Skip to content


Carbon offsetting

I’m off to Nice on vacation for two weeks, starting tomorrow — back on May 25th. See ya then!

In the meantime, and appropriately enough given that jet fuel I’ll be consuming, here’s some interesting stuff from my mate Eoin on carbon offsetting…

‘It’s a fecking minefield to figure out. There are many conflicting standards, some of which sound impressive but are useless in reality.

Steer clear of tree planting, especially outside Europe; even a well-run forestry in Europe will take decades to make any difference.

The best quality-mark appears to be the CDM Gold Standard. The Gold Standard is a recent introduction, a response to the weak, conflicting Kyoto standards and many ad hoc government ones. Gold Standard specifically excludes tree plantatations.
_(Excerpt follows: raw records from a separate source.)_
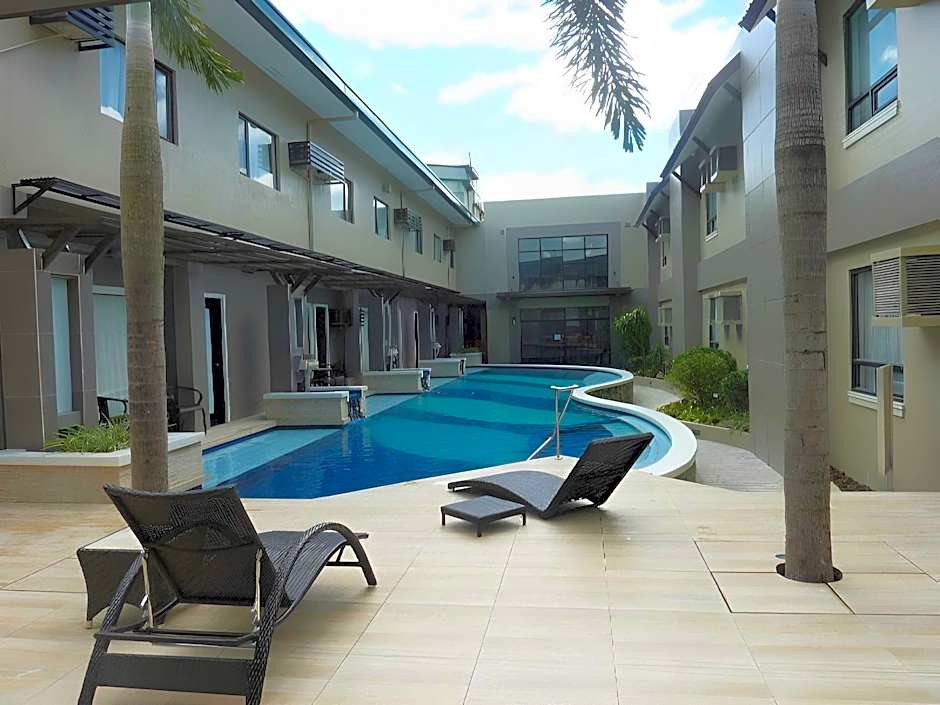 Circle Inn Hotel and Suites Bacolod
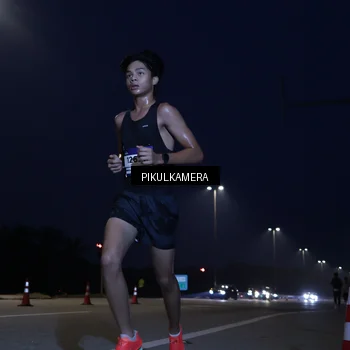 Runner Photo 7303335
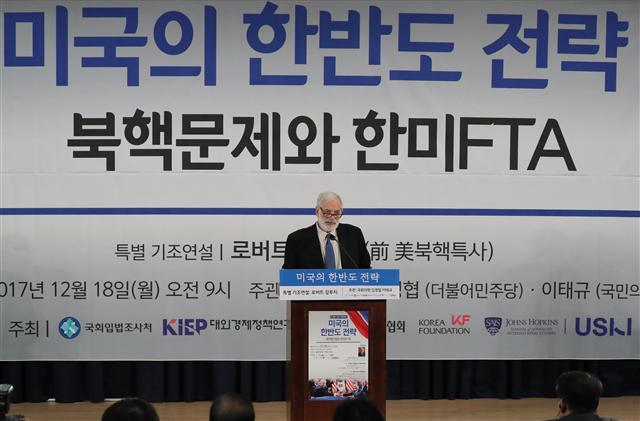 존스홉킨스대 한미연구소 회장인 로버트 갈루치 전 미국 국무부 북핵 특사가 18일 오전 국회 의원회관에서 열린 ‘미국의 한반도 전략’ 세미나에서 기조연설을 하고 있다.  [연합뉴스]
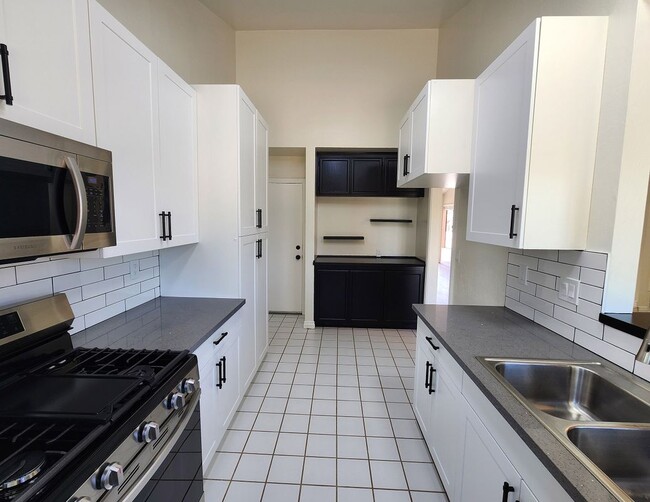 Photo - 80 N Lucas Ct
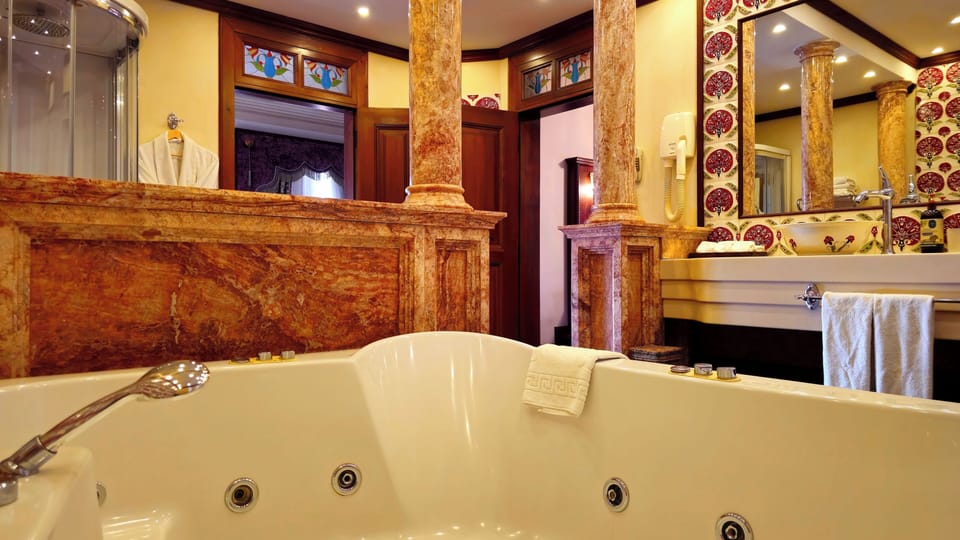 Suite (Ottoman) | Jetted tub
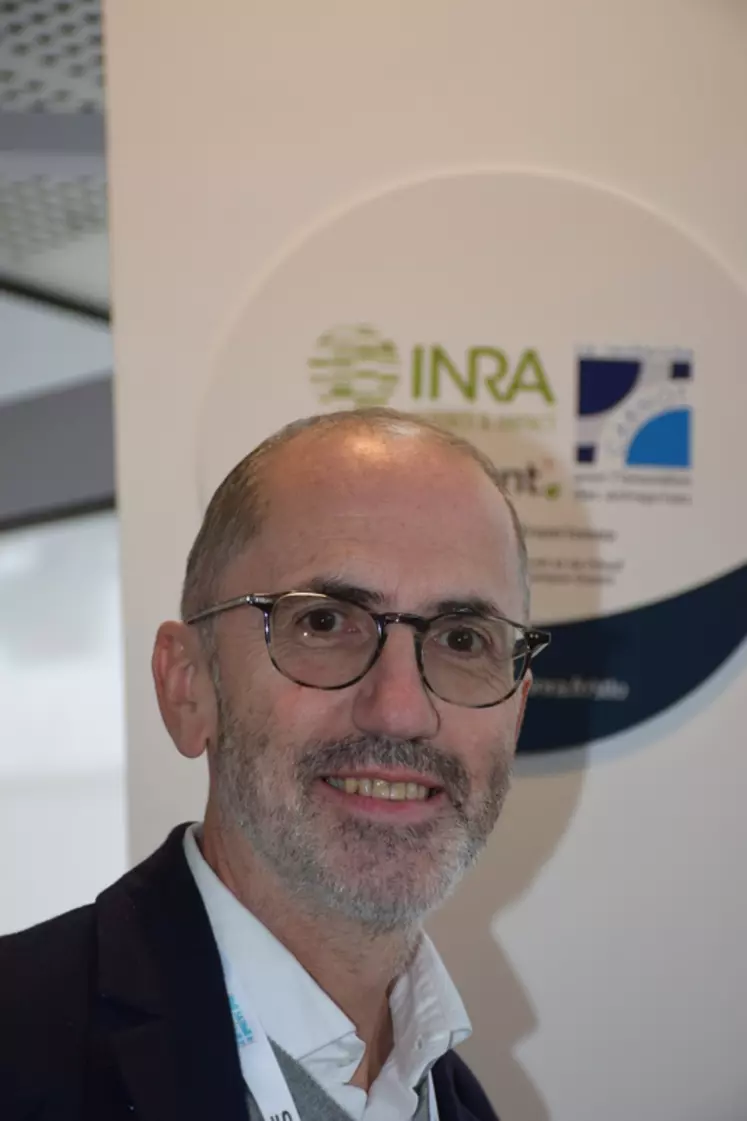 GILLES GARRIC, INRA : « Nous avons repensé la technologie fromagère pour diminuer le temps d’affinage et créer une large gamme de textures et de flaveurs. » © D. Hardy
The following operators are the only ones I found that are Gold Standarded and also pass the bullshit smell test (which is far more stringent ;-) thanks to all who supplied links etc. — eoin

  • My Climate — Seem good. run out of Switzerland. Professional vibe. Mainly projects in the developing world.
  • Atmosfair — like the swiss one except smaller and German. Again, seems professional, their projects page in particular reads well. Doing a German schools project as well as developing world ones.
  • Climate Friendly — Aussies. Mainly wind power, in Oz & NZ. Again seem good, have been around for a few years. Website is decent if a bit all over the place.
  • Sustainable Travel International — more an eco-holidays travel agent than offsetting per se. Useful bookmark.
  • — These guys seem good. Interesting business model. They buy high quality carbon credits, from mainly Gold Standard providers, and retire these credits. Permanent retirement, I think, though this wasn’t 100% clear on their site. So they both support the providers directly by doing business with them, and also jack up the market price by reducing supply. This supply choke isn’t something that the rest of them do, at first glance anyway. Clever idea. As the market price gets higher it will put pressure on companies to reduce their emissions, not just buy their way out of it.’

Now it’s worth noting that this is the state of play as of May 2007; it’ll definitely change pretty quickly as time goes on. Good info, though.